EXERCISE OBJECTIVE:
Write out the listing exactly, dropping any picture it contains.

SUPPLIED MATERIAL:
>>>>>
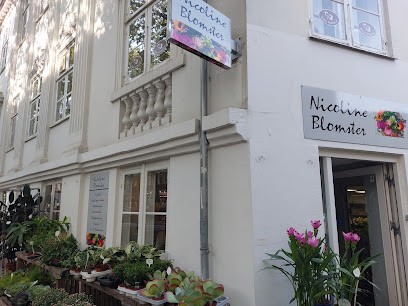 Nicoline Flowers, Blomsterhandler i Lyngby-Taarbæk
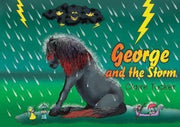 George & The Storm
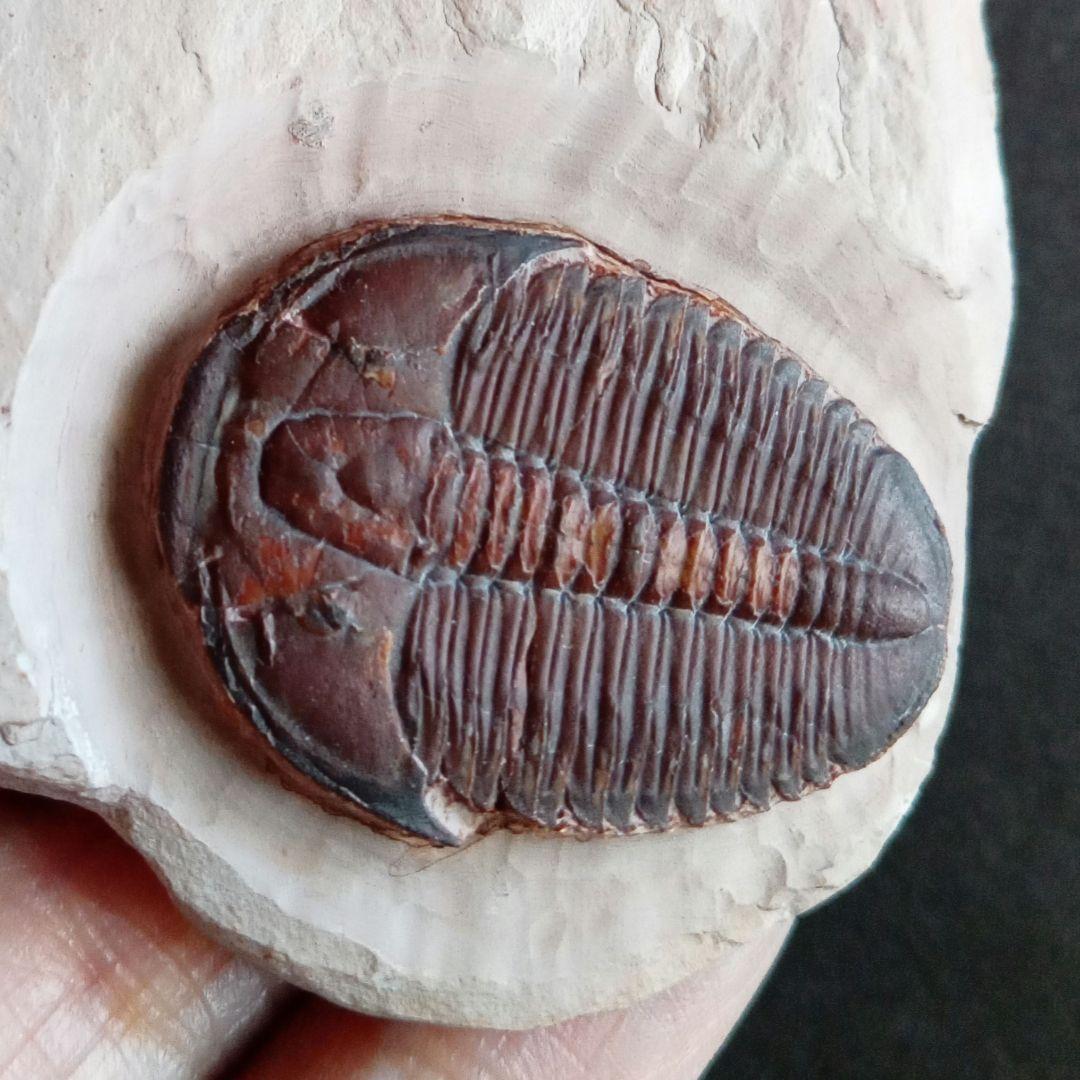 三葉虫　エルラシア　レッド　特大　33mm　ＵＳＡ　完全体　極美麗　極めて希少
<<<<<
WRITTEN RESPONSE:
 Nicoline Flowers, Blomsterhandler i Lyngby-Taarbæk
 George & The Storm
 三葉虫　エルラシア　レッド　特大　33mm　ＵＳＡ　完全体　極美麗　極めて希少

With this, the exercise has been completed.